5 de maio de 2009

Quarto 304

O que co-habitou entre quatro paredes não é o bastante para expelir saudades. Essa, quiçá, seja a única centelha de um grande feito que repousa, agora, neste quarto sempre vazio. Outras paredes cúmplices e oniscientes; de caladas, confidentes de confiança: mais morta do que minha boca e meus olhos, e o coração esperançoso para bater em hotéis e pousar sereno como o dia de ontem.
As construções mais velhas e inúteis devem ser implodidas para dar lugar a outras edificações, talvez tão humildes quanto os meninos que da rua criam moradia. Rua das ruínas, número perdido, gemidos cessados e o quadro novo de um estado de calamidade privada. Um quarto antigo é só um velho e enquadrado aposto de passado, presenteado.
Tornam-se públicas evacuadas habitações aos sem-teto.
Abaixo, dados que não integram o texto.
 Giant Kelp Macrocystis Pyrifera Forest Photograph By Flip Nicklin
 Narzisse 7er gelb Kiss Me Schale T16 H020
Essa gente pode invadir os recantos desconhecidos de propriedade, porque advem de quem não assiste lares, vãos e até mesmo esqueletos arquitetônicos, uma vez que não sabe o valor de um e qualquer lar para quem sente frio, para quem não tem abrigo.
Assim, vejo dois paradigmas de usucapião: residência – genérica – de onde, pelo uso, pela posse e o lapso temporal, essa gente se faz proprietária, e – pela pessoalidade – o abandono sem prazo, desdenhado e covardemente desvalido, faz-se valer a doação inconsciente ao próximo habitante.